» **WHAT NEEDS TO BE DONE**
Search the records below for the string "this" and copy each line where it turns up.

---- SUPPLIED MATERIAL

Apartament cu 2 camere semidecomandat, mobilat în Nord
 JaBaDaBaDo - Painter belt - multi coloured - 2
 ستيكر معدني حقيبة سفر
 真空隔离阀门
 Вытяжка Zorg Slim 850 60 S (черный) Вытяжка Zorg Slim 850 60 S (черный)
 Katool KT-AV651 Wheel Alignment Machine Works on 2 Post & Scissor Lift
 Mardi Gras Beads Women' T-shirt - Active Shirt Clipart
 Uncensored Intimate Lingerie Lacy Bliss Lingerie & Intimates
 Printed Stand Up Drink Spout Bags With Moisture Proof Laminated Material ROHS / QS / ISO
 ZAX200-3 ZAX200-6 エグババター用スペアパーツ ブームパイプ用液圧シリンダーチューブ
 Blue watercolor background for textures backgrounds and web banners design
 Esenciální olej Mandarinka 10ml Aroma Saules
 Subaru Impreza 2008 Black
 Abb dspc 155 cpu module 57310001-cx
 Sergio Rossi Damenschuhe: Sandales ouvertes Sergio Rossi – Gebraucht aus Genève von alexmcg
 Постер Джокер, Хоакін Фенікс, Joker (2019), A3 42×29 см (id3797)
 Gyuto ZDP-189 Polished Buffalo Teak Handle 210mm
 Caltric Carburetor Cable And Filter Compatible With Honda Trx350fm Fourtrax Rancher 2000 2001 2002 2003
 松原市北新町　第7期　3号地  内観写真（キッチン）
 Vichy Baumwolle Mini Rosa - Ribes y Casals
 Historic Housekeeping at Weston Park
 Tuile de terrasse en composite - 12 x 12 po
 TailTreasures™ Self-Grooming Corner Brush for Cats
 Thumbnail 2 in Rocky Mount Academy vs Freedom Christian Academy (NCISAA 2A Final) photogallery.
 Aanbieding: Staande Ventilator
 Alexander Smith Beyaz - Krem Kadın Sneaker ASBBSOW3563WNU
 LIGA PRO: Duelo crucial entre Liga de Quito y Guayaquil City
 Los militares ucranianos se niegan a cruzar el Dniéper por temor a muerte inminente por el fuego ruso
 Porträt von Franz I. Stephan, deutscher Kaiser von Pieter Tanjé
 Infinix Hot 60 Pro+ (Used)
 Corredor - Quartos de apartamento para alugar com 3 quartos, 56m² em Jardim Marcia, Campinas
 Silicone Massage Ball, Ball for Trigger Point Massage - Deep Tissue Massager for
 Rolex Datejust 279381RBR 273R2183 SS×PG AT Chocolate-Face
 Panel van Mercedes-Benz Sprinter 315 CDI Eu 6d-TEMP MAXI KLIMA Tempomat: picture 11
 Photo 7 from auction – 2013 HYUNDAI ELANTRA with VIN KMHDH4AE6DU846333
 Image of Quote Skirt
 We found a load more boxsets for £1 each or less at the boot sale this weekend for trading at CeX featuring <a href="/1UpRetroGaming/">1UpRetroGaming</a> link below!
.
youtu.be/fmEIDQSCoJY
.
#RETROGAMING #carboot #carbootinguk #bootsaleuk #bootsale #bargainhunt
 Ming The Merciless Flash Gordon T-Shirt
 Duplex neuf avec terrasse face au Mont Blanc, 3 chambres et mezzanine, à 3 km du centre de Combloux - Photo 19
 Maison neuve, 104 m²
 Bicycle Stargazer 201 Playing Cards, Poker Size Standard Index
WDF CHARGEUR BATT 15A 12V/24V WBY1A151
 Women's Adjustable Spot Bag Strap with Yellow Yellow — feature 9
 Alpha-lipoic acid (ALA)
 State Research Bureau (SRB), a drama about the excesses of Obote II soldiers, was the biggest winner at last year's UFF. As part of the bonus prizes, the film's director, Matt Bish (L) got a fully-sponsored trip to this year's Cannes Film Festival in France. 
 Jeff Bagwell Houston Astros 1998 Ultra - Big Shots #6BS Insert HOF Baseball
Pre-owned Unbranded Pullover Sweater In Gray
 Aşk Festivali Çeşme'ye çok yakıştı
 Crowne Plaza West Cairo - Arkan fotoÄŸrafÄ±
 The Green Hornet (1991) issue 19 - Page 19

--------

» **COMPLETED EXERCISE**
 We found a load more boxsets for £1 each or less at the boot sale this weekend for trading at CeX featuring <a href="/1UpRetroGaming/">1UpRetroGaming</a> link below!
 State Research Bureau (SRB), a drama about the excesses of Obote II soldiers, was the biggest winner at last year's UFF. As part of the bonus prizes, the film's director, Matt Bish (L) got a fully-sponsored trip to this year's Cannes Film Festival in France. 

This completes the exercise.